The Raiders are in the unenviable position of still being mathematically alive for a playoff berth but knowing that every victory also represents a decline in the value of their position for what could be a very consequential draft.
There are more and more indications the Raiders could look to find a franchise quarterback in April and there should be several to choose from. But there is also a possibility their preferred option could be off the board by the time they pick. The odds of losing out on such a player become shorter with every victory.
If the season ended today, the Raiders would own the No. 8 pick in the draft. They have two home games remaining against Super Bowl contenders San Francisco and Kansas City, so there is an opportunity for quite a bit of movement, particularly with so many teams bunched together in the standings.
The Raiders sit immediately behind the Colts, Falcons and Lions and immediately ahead of the Panthers in the draft order. All four of those teams could be in the market for a quarterback.
Whether the Raiders do decide to draft one of the prospects at that position depends on several factors, but the main thing will be whether there is a player the organization believes is available when the Raiders are ultimately on the clock.
There is also the question of whether they will keep Derek Carr and/or Jarrett Stidham around to mentor a young quarterback or explore what they could get for Carr on the open market.
Could Dave Ziegler and Josh McDaniels turn to someone like Aaron Rodgers as a bridge to remain competitive while tutoring the quarterback of the future? It’s been a bit of a bumpy ride for a Packers team that tried to do that with Jordan Love only to learn Rodgers had plenty left in the tank.
How about an old friend like Tom Brady or Jimmy Garoppolo, proven winners who are very familiar with the system and the personalities from their time with the Patriots? Maybe use next season as a rebuilding season and try to position the franchise to be able to pick Caleb Williams of USC or Drake Maye of North Carolina in 2024?

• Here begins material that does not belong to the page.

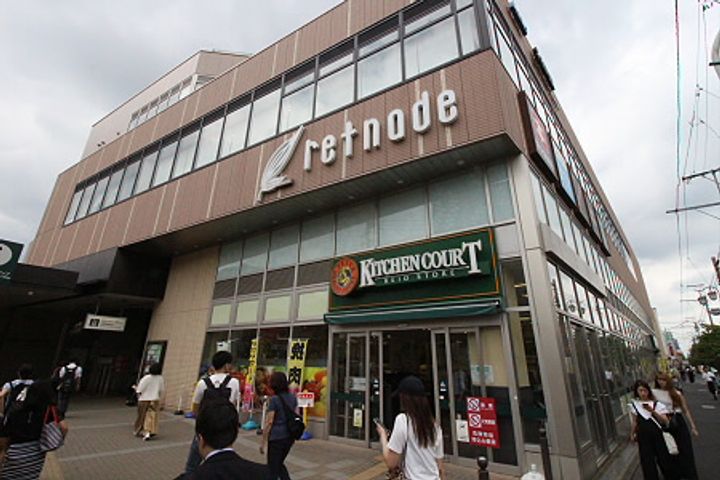 メゾン・ド・ショーエーの周辺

There are many options on the table and that’s just at one position. There’s still a very good chance they choose to go in a different direction either because they still believe in the quarterbacks they have or simply don’t like one of the top prospects enough to commit to them for the next four or five seasons.

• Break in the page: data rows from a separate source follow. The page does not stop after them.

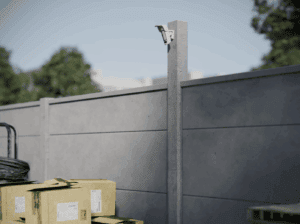 Dรฉtecteur de mouvement AJAX MotionCam Outdoor HighMount PhOD sur site industriel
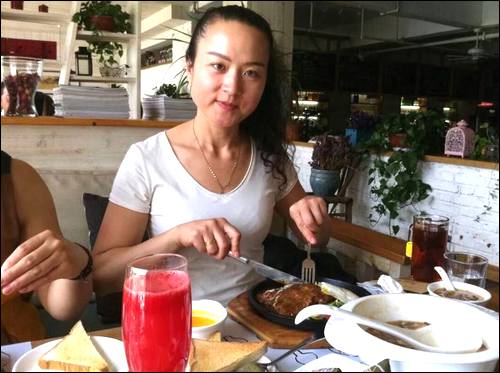 ��ٳѰ�Ұ��Ҷ������ݹ¶�Ժ�ĸ�ĸ ��ٳ,1982�ڽ��ճ���ʧɢ,û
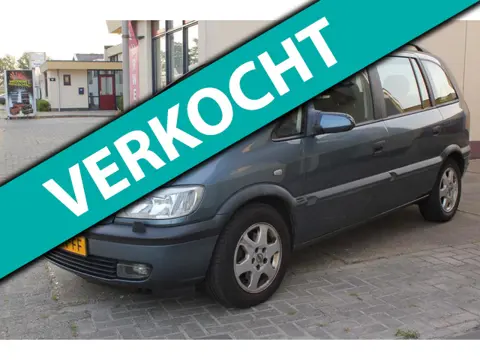 Opel Zafira 2.2-16V Elegance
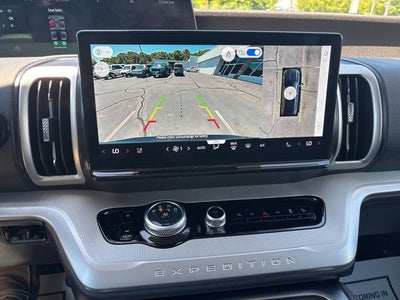 2025 Ford Expedition Active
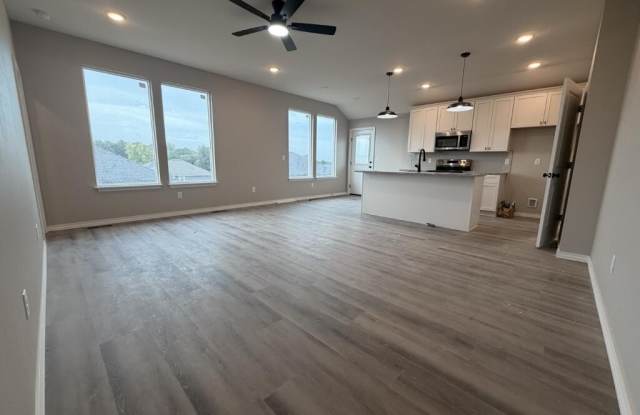 1183 E Habersham Street Gallery 2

For the sake of argument, however, it’s prudent to take a look at the potential first-round quarterback prospects. Something important to keep in mind when evaluating these players is that while many pundits have three signal-callers ranked in the top five for the 2023 draft, the prognostications tend to very greatly between now and April.
One or more of them will almost certainly fall down the board and everyone will act shocked. It happens every year. There will also be a player at the position who comes out of nowhere and works his way into the first round.

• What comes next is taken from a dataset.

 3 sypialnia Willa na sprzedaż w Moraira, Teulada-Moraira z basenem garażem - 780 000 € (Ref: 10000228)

That also happens all the time. So there is little reason to believe none of the current top prospects will be available when the Raiders do eventually pick on draft night.
Here’s a look at the current top quarterback prospects:
Bryce Young, Alabama
The only real questions about him are his height and how he will adjust to not playing with the best talent on the field after he was in such a situation both in college at Alabama and high school at Mater Dei. Otherwise, his accuracy to all levels, athleticism and decision-making are all impressive.
C.J. Stroud, Ohio State
He has great size and arm strength, but his best ability may be the intangibles he brings as a leader. While Stroud can get the ball anywhere on the field, he is particularly good in the middle of the field, with ball placement that allows backs and receivers to catch the ball in stride and pick up yards after the catch.
Like Young, he is a California native who only recently turned 21 years old. He’s also very good at avoiding sacks even when under quick pressure.
Will Levis, Kentucky
He has ideal size for a quarterback and the tools scouts love, which should make him a bit of a combine darling. Levis is also a very capable rusher who can generate yards with his feet, though he does often tuck and run a bit early in plays.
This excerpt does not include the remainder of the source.